▶ [TASK TO CARRY OUT] In the entries that follow, the line with "Lavanta Kokulu Bitkisel Temizleyici" opens the range and the line with "Vintage 1988 The" closes it; repeat that range exactly, both lines included.

▶ [LISTED RECORDS]
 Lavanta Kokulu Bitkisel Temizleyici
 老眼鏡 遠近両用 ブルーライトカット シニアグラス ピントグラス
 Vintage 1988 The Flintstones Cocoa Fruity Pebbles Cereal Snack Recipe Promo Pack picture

* * *

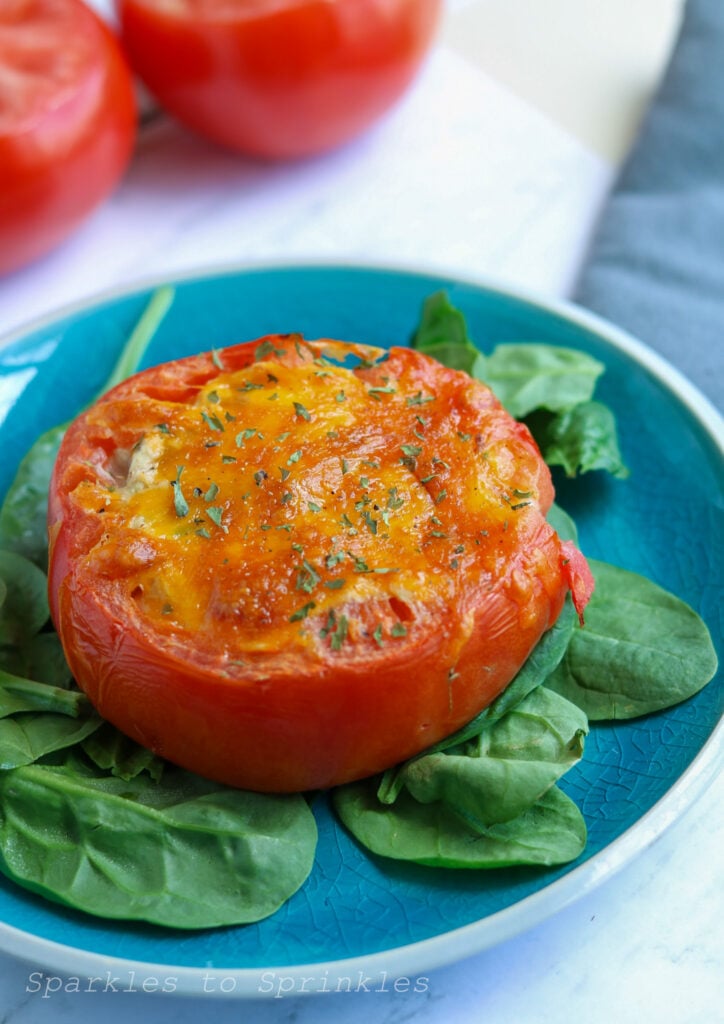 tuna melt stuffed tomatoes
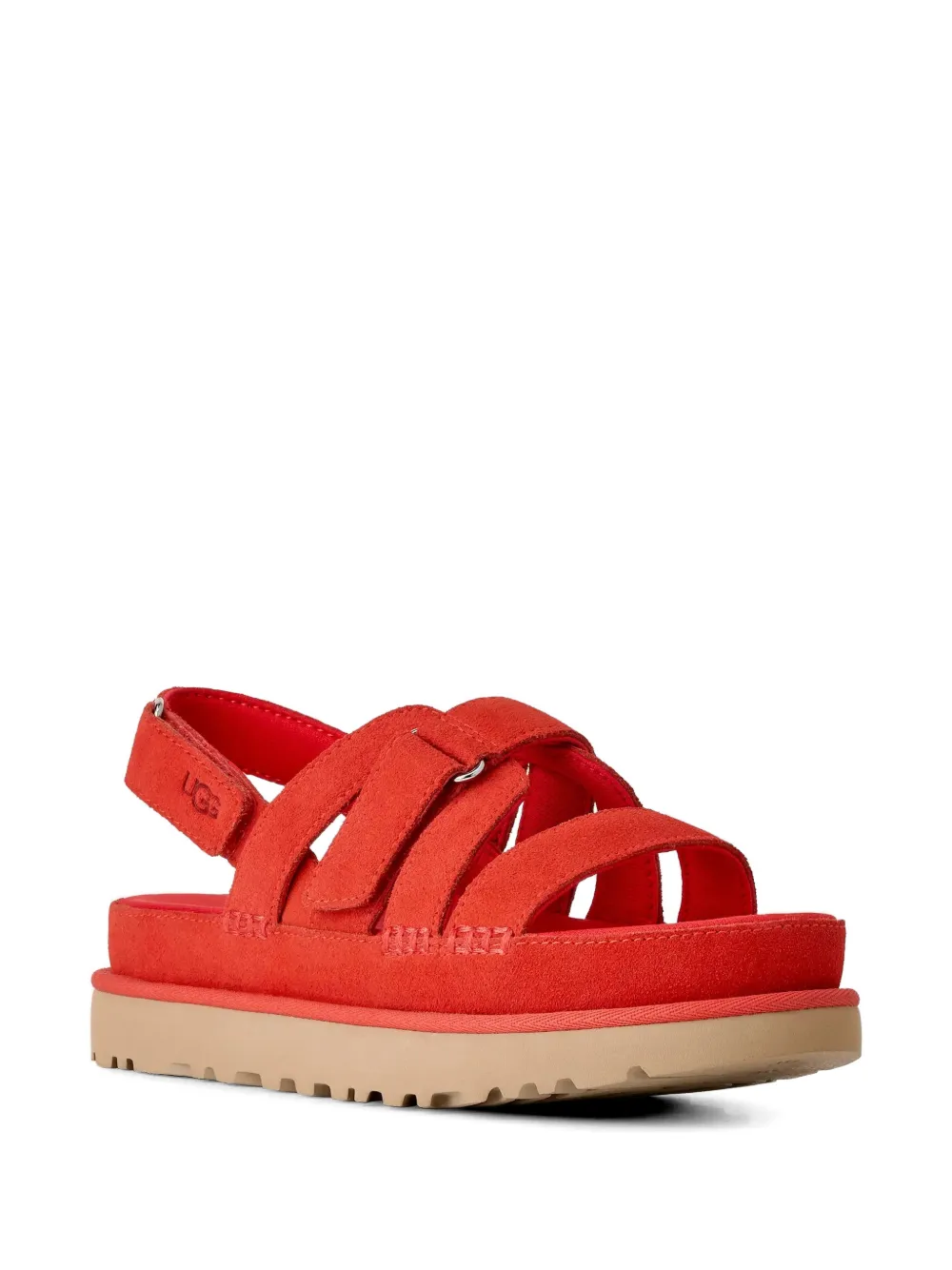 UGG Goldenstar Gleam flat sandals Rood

▶ [REPLY TO THE TASK]
 Lavanta Kokulu Bitkisel Temizleyici
 老眼鏡 遠近両用 ブルーライトカット シニアグラス ピントグラス
 Vintage 1988 The Flintstones Cocoa Fruity Pebbles Cereal Snack Recipe Promo Pack picture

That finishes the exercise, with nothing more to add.